Quantization accuracy drop with kl divergence

I’m runing int8 quantization with kl divergence and skip the first conv layer on resnet50, but the top1 accuracy is only 46%. when I use max value calibration, the top1 accuracy can achieve 74.5%, why kl divergence make the top1 accuracy decline so much?@ZihengJiang

I found the top1 accuracy falling is mainly caused by Operator fusion(_transform.SimplifyInference()), if I nouse Operator fusion and then use kl divergence calibration, the top1 accuracy is 73.5%, do tvm has Official test results about quantization?

Can you post your entire quantization config?

“nbit_input”: 8, “nbit_weight”: 8, “nbit_activation”: 32, “dtype_input”: “int8”, “dtype_weight”: “int8”, “dtype_activation”: “int32”, “calibrate_mode”: “kl_divergence”, “global_scale”: 8.0, “weight_scale”: “max”, “skip_conv_layers”: [0], “round_for_shift”: True, “debug_enabled_ops”: None, “rounding”: “UPWARD”, “calibrate_chunk_by”: -1,

I found the accuracy of version 0.7 is close to zero when use the default setting, what cause it?
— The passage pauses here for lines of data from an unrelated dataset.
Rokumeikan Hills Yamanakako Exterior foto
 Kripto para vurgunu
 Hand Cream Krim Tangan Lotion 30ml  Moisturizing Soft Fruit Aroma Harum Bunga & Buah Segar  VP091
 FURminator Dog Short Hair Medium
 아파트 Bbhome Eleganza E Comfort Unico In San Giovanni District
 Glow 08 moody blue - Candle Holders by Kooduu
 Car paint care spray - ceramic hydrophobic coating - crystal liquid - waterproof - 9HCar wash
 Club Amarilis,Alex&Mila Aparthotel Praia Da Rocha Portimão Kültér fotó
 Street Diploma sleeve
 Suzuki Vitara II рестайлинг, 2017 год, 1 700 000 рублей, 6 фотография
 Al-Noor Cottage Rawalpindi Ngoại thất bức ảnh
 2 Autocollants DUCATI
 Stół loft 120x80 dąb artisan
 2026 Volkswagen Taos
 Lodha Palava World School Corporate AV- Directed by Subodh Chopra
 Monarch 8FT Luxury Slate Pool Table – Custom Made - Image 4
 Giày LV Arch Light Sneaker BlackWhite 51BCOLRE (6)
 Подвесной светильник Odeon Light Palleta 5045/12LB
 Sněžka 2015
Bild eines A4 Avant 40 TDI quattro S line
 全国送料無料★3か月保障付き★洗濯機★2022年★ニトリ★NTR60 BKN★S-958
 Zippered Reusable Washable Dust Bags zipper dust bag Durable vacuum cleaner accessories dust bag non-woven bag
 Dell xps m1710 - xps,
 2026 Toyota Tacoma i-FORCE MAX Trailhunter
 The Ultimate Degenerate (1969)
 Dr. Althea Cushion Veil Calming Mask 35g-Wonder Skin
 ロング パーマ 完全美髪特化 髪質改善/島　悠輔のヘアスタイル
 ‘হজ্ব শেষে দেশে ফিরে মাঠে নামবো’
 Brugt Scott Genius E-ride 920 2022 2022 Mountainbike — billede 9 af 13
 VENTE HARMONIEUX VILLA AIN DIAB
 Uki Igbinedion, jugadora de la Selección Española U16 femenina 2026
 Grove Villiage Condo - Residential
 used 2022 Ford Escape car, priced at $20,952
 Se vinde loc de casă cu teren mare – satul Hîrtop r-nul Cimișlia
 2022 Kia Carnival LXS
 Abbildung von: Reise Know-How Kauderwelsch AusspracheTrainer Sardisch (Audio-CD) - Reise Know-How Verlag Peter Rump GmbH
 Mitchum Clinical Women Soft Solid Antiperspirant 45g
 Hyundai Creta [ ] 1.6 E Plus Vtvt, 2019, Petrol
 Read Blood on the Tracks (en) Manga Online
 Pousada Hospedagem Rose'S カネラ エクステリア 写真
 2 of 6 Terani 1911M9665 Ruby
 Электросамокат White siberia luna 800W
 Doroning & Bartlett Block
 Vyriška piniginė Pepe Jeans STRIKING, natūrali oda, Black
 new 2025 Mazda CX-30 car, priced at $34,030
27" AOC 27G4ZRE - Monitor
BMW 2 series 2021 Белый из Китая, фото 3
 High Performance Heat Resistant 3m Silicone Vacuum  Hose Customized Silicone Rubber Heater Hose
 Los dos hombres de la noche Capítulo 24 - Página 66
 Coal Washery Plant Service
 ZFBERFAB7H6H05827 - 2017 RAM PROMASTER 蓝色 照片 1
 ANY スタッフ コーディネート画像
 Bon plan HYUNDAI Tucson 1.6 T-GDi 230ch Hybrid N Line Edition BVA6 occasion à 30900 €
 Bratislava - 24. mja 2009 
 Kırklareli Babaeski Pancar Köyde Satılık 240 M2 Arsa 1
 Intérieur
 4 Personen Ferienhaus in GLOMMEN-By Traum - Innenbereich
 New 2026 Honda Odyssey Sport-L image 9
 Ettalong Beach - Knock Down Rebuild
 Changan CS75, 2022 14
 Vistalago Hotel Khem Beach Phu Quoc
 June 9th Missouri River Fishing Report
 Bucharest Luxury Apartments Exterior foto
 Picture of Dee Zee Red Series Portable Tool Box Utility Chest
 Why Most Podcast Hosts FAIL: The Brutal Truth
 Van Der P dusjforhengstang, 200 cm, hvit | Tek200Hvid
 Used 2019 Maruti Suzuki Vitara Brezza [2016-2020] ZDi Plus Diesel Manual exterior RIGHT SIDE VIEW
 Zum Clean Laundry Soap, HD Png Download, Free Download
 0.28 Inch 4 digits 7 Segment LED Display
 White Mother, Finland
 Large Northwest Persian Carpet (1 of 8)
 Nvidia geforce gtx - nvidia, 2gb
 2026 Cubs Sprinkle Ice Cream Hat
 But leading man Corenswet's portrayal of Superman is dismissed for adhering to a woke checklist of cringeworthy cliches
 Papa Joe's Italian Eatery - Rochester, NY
Am I using the wrong configuration? @adb, @vinx13

1 Like

I also face the problem that the TOP1 accuracy for resnet50 drops from 76.25 % (FP32 baseline) to a value between 50 and 55 % if I use quantization with kl_divergence and calibration. In contrast if I use ‘global_scale’ mode with global_scale=4, I obtain a TOP1-accuracy of 75.61 %.

Does anyone know what the reason could be?

Are there any updates on this issue? I have checked again with Apache TVM (incubating) v0.7.0 but I still face the same problem.